# How to complete this task:
Set every line of the data down again exactly, and keep the pictures out.

______

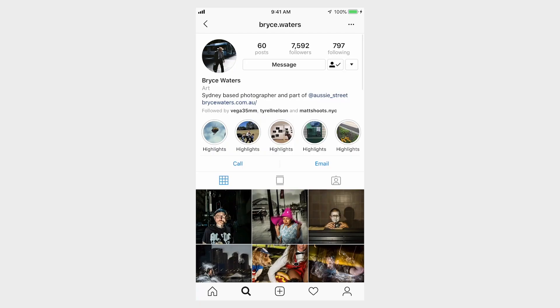Let's talk about Bryce Waters. I'll link below to his things — I would encourage you to check him out. Let's look at his Instagram feed.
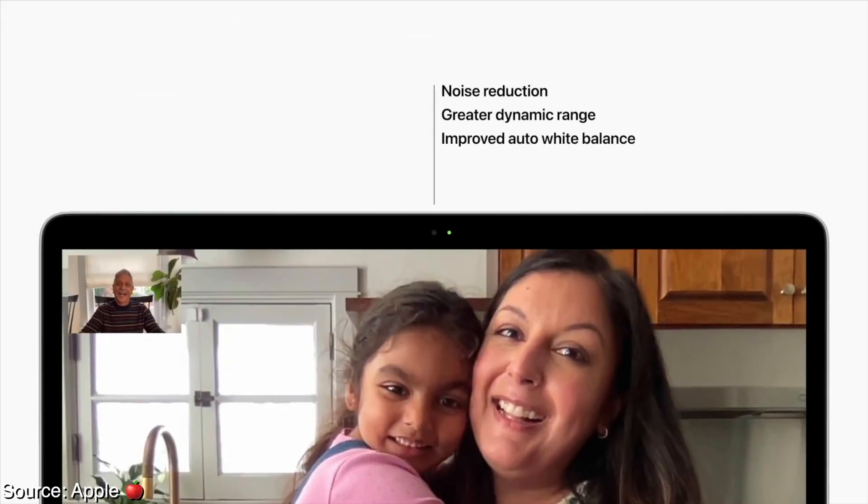Is this performance across the board? More than likely not. I would say this is primarily just for their first party apps and apps that are built for the M1 chip. The camera has been updated through software, but only time will tell if it looks like we're still talking through a gas station surveillance camera.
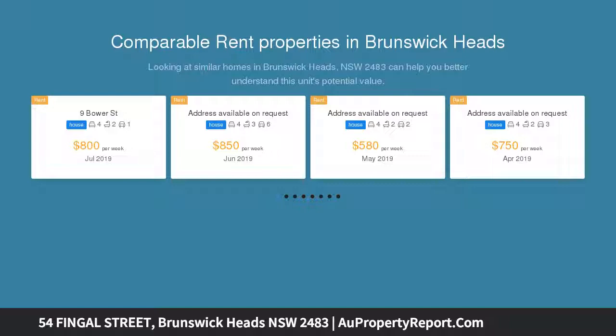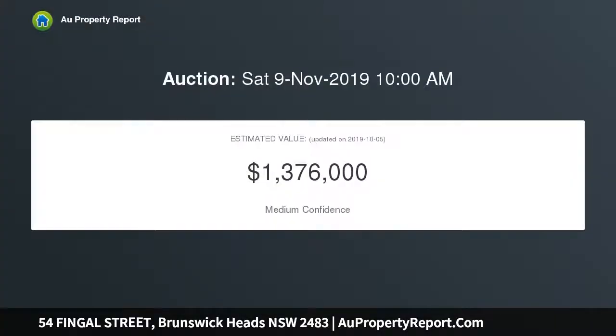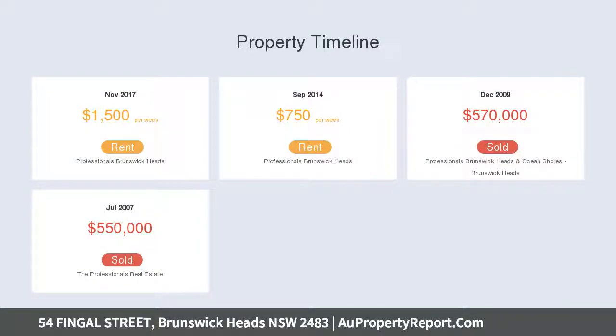Complete with three bedrooms in the main house, two family bathrooms, stylish kitchen, lounge, dining room, and front veranda. Off the lane there is a private self-contained studio, perfect for guests or the growing family.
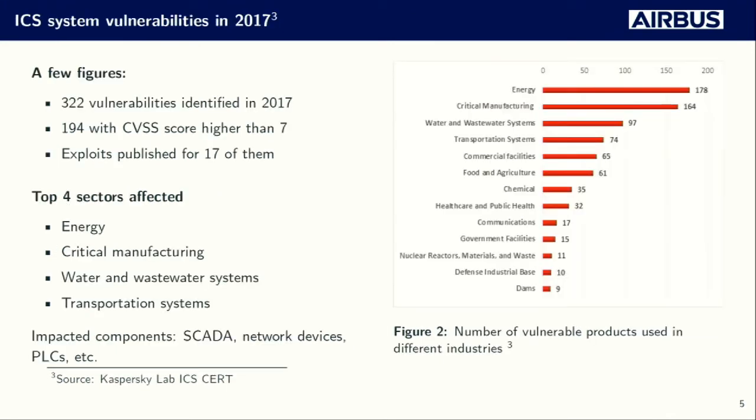A few figures regarding vulnerabilities identified in 2017 from Kaspersky ICS CERT: 322 vulnerabilities were identified, and roughly 60% of them had a CVSS score higher than 6.0, meaning they were quite severe. We can also see that the sectors affected are crucial for our day-to-day lives, which makes this topic very concerning. What's also concerning is that those systems tend to be more and more connected to the outside world.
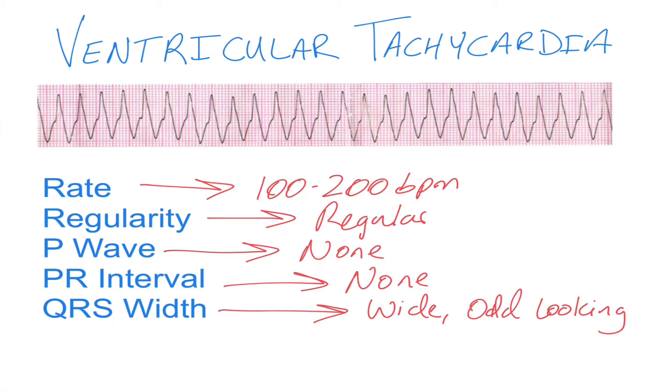If you have a rate between 100 and 200 that is wide and bizarre looking and is very regular, there's a pretty good chance it's ventricular tachycardia.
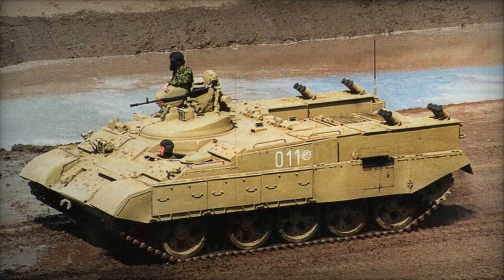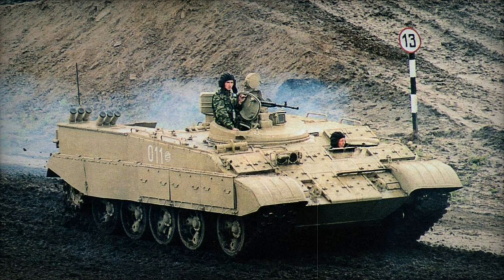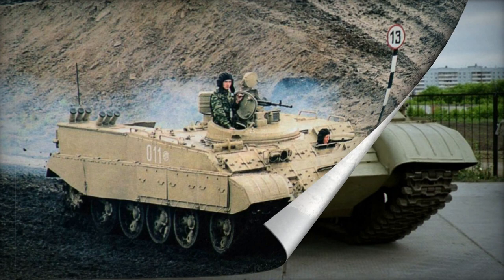The driver's seat is situated on the left side of the hull. Adjacent to the driver, a new low-profile turret features the main armament. The BTRT accommodates five fully equipped troops who enter or exit via roof hatches.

______

# Answer to this exercise:
Let's talk about Bryce Waters. I'll link below to his things — I would encourage you to check him out. Let's look at his Instagram feed.
Is this performance across the board? More than likely not. I would say this is primarily just for their first party apps and apps that are built for the M1 chip. The camera has been updated through software, but only time will tell if it looks like we're still talking through a gas station surveillance camera.
Complete with three bedrooms in the main house, two family bathrooms, stylish kitchen, lounge, dining room, and front veranda. Off the lane there is a private self-contained studio, perfect for guests or the growing family.
A few figures regarding vulnerabilities identified in 2017 from Kaspersky ICS CERT: 322 vulnerabilities were identified, and roughly 60% of them had a CVSS score higher than 6.0, meaning they were quite severe. We can also see that the sectors affected are crucial for our day-to-day lives, which makes this topic very concerning. What's also concerning is that those systems tend to be more and more connected to the outside world.
If you have a rate between 100 and 200 that is wide and bizarre looking and is very regular, there's a pretty good chance it's ventricular tachycardia.
The driver's seat is situated on the left side of the hull. Adjacent to the driver, a new low-profile turret features the main armament. The BTRT accommodates five fully equipped troops who enter or exit via roof hatches.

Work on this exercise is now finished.